Causes of Miscarriage
In approximately 50% of couples, extensive investigations fail to establish a cause for RM. Although it may disappoint some couples that their problem remains unexplained, in fact the outlook for such couples is often better than for those in whom a cause is found!
The known causes of RM can be classified as follows:
- Immunological
- Blood clotting disorders (thrombophilias)
- Hormonal
- Infection
- Anatomic
- Chromosomal
- Environmental
Immunological causes of recurrent miscarriage:
Historically, a pregnancy has been compared to a heart, kidney or liver transplant. This is because the fetus derives half of its genetic information from its father, who is unrelated to the mother. Everybody knows that for a transplant to "take" attempts are made to match the tissue type of the donor to that of the recipient, and even when a match is close, powerful drugs still have to be given to the recipient to suppress the immune system to prevent the transplant being "rejected". In human pregnancy, not only is there no physical match, but no drugs are given, yet the pregnancy thrives. For decades this apparent paradox has fascinated immunologist, who have sought the Holy Grail which has enabled the fetus to elude the mother's immune system. We now know that the comparison of the fetus to a transplant is wholly simplistic and in fact inappropriate, but there is strong evidence that in some instances, the immune system, whose prime function is to protect the body against infections, can be implicated in recurrent miscarriage. It is, however, important to recognize that much of our knowledge in this area remains rudimentary.
Natural Killer (NK) cells
NK cells are part of the so-called innate immune system, which protects the body against viral and bacterial infection without the need for prior sensitization. A strong body of research has now shown that in normal pregnancy NK cells in the peripheral blood reduce both in number and in their capacity to kill. Further research has suggested that in women with recurrent miscarriage, and in those with implantation failure following IVF treatment, there are increased numbers and activity of NK cells. Unfortunately studies have either confined themselves to the peripheral blood or to the lining of the womb, but usually not to both. There are important subtle differences between those cells found in the womb and those in the peripheral blood, and further research is needed to clarify the role of NK cells in recurrent miscarriage. Treatments that cause suppression of the immune system such as steroids are promising, but have yet to be subjected to rigorous evaluation. We offer NK cell testing and are evaluating the role of abnormal findings in recurrent miscarriage, and the outcome following treatment with prednisolone, heparin and aspirin.
Cytokines
Cytokines are small chemicals
Immunologic disease - eg SLE
Immunological diseases, especially auto-immune conditions (where the body's immune system turns on itself and attacks its own organs and other systems causing disease) may compromise fertility and pregnancy. Systemic lupus erythematosus is the best example of a disease that compromises pregnancy: this includes recurrent miscarriage, poor fetal growth, intrauterine death and pregnancy complications such as pre-eclampsia. Although it would be uncommon for a woman with SLE to present for the first time with recurrent miscarriage rather than with other features of the disease, the screening tests performed in the Recurrent Miscarriage Clinic would pick up the markers of SLE and suggest extended investigations to confirm the diagnosis. Treatment of active disease is usually with steroids, and if other markers such as the lupus anticoagulant or anticardiolipin antibody are also present, then heparin and aspirin may also be indicated. Patients with SLE and other connective tissue disorders require specialized care and so-operation between obstetricians, rheumatologists and sometimes renal physicians. The Recurrent Miscarriage Clinic has direct links to a joint Connective Tissue Disorders Clinic run by an Obstetrician (Mr Isaac Manyonda) and a Rheumatologist (Dr John Axford).

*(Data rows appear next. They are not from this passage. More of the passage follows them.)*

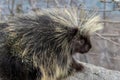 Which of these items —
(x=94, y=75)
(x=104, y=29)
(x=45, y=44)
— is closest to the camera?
(x=45, y=44)

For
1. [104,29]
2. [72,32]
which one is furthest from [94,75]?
[104,29]

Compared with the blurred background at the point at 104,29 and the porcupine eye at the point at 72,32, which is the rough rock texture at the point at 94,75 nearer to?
the porcupine eye at the point at 72,32

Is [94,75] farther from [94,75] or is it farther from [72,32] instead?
[72,32]

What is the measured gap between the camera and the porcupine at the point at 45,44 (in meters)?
2.48

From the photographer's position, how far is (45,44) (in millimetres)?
2512

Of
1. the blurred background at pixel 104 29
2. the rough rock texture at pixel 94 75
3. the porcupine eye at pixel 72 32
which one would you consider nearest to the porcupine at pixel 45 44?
the porcupine eye at pixel 72 32

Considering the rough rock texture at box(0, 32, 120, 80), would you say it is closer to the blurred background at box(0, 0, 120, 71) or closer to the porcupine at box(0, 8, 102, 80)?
the porcupine at box(0, 8, 102, 80)

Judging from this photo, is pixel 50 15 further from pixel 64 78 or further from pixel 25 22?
pixel 64 78

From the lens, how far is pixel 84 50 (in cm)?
263

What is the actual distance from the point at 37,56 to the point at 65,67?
213mm

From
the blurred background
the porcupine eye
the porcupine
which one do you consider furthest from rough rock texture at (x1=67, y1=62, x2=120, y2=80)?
the blurred background

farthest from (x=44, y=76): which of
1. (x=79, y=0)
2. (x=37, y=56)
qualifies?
(x=79, y=0)

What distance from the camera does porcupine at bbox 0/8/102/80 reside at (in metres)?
2.48

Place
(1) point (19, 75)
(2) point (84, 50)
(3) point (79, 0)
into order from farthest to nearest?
(3) point (79, 0) → (2) point (84, 50) → (1) point (19, 75)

Blood clotting disorders (Thrombophilias)
Individuals with a thrombophilia are at increased risk of forming blood clots, leading to deep vein thrombosis (DVT) and /or pulmonary embolism (PE - clot on the lung) if the clot in the vein dislodges and is propelled in the blood stream to the lungs. This increased risk of clot formation is because the individual makes too much of a clot-promoting protein, or too little of a protein that promotes dissolution of clots. Pregnancy itself, even in women without a thrombophilia, increases the risk of clot formation 6-fold. So women with a thrombophilia are at significant risk of clot formation during pregnancy.
In recent years, research has shown that thrombophilias, some of which are acquired while others are inherited, are a significant contributor to recurrent miscarriage. While it is tempting to suppose that thrombophilias impair pregnancy by the formation of blood clots around the early after-birth, in reality the story is more complex. The good news is that once identified, there are effective therapeutic interventions for these disorders.

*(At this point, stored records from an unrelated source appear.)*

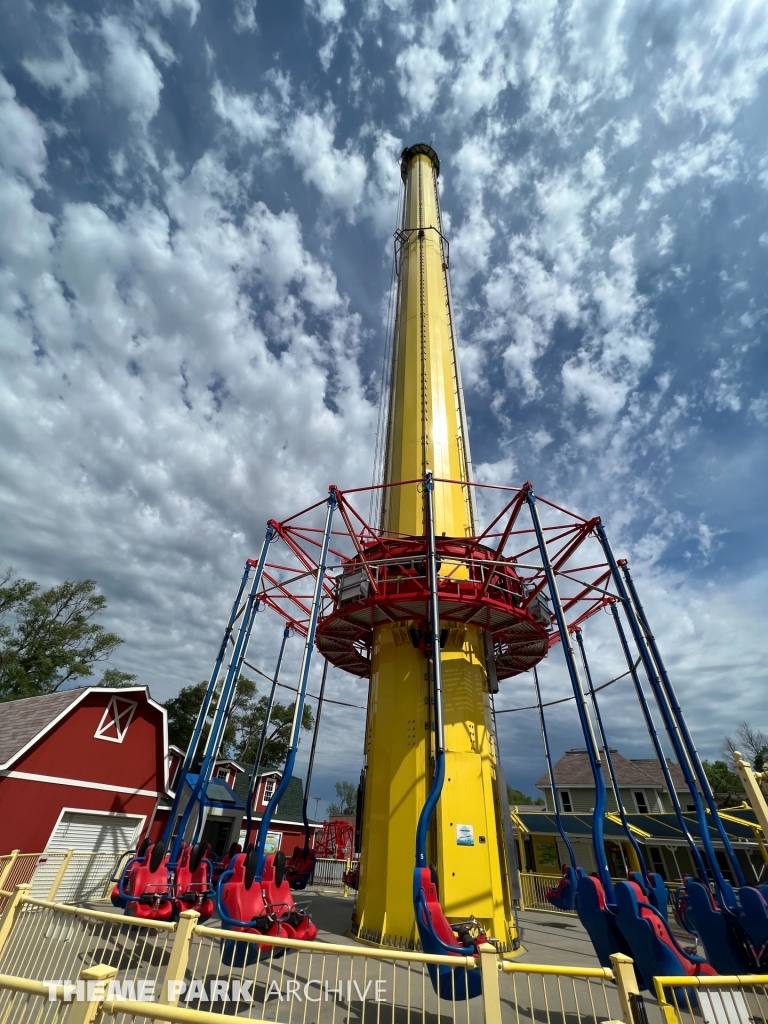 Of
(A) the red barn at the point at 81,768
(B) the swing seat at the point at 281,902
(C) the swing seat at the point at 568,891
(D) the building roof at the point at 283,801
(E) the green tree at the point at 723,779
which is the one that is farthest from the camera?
(E) the green tree at the point at 723,779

The Primary Antiphospholipid syndrome (PAPS) - this is an example of an acquired thrombophilia the most important markers of which are the lupus anticoagulant and the anticardiolipin antibodies. It is estimated that PAPS can be diagnosed in about 15% of women with recurrent miscarriage. Left untreated, women suffer a miscarriage rate of up to 90%. Earlier studies showed that treatment with a combination of low dose aspirin and low molecular weight heparin gave a 70% chance of successful pregnancy, while aspirin on its own gave a 40% chance of success. Intriguingly, more recent reports have suggested that aspirin on its own can in effect achieve the high results achieved by the combination with heparin!
Factor V Leiden (FVL) mutation- this is an example of an inherited thrombophilia which, in the absence of treatment, is associated with recurrent miscarriage. FVL is carried by 5% of Caucasians, but is rarely found among Blacks people. Again the current approach is to treat carriers of this mutation with a combination of heparin and low dose aspirin.
Other thrombophilias - these include Protein C deficiency, Protein S deficiency, Antithrombin III deficiency, G20210A prothrombin gene mutation, hyperhomocysteinemia etc. Theses disorders are in fact rare, and because of the small numbers no conclusive studies have been conducted to prove that they in fact cause recurrent miscarriage. However, the pragmatic approach is to assume that if they are the only finding in a woman presenting with recurrent miscarriage, they may well be contributory. Treatment is similarly with heparin and aspirin, and if this is not given to "cure" recurrent miscarriage, it will at least protect the woman against blood clot formation!
Hormonal causes of recurrent miscarriage:
Polycystic ovaries (PCO):
Ultrasound finding of PCO is common in the general female population - 22-25% of women will be found to have slightly enlarged ovaries with small cysts arranged around the edge rather like a necklace. PCO may be entirely without symptoms, but can also be a cause of long and / or irregular menstrual cycles, infertility, acne, difficulty with keeping weight down and excessive body hair (hirsutism). When PCO are associated with symptoms or signs, the condition is the referred to as the polycystic ovarian syndrome or disease (PCOS or PCOD). Hormonal abnormalities associated with PCOS include increased production of luteinising hormone (LH) and testosterone.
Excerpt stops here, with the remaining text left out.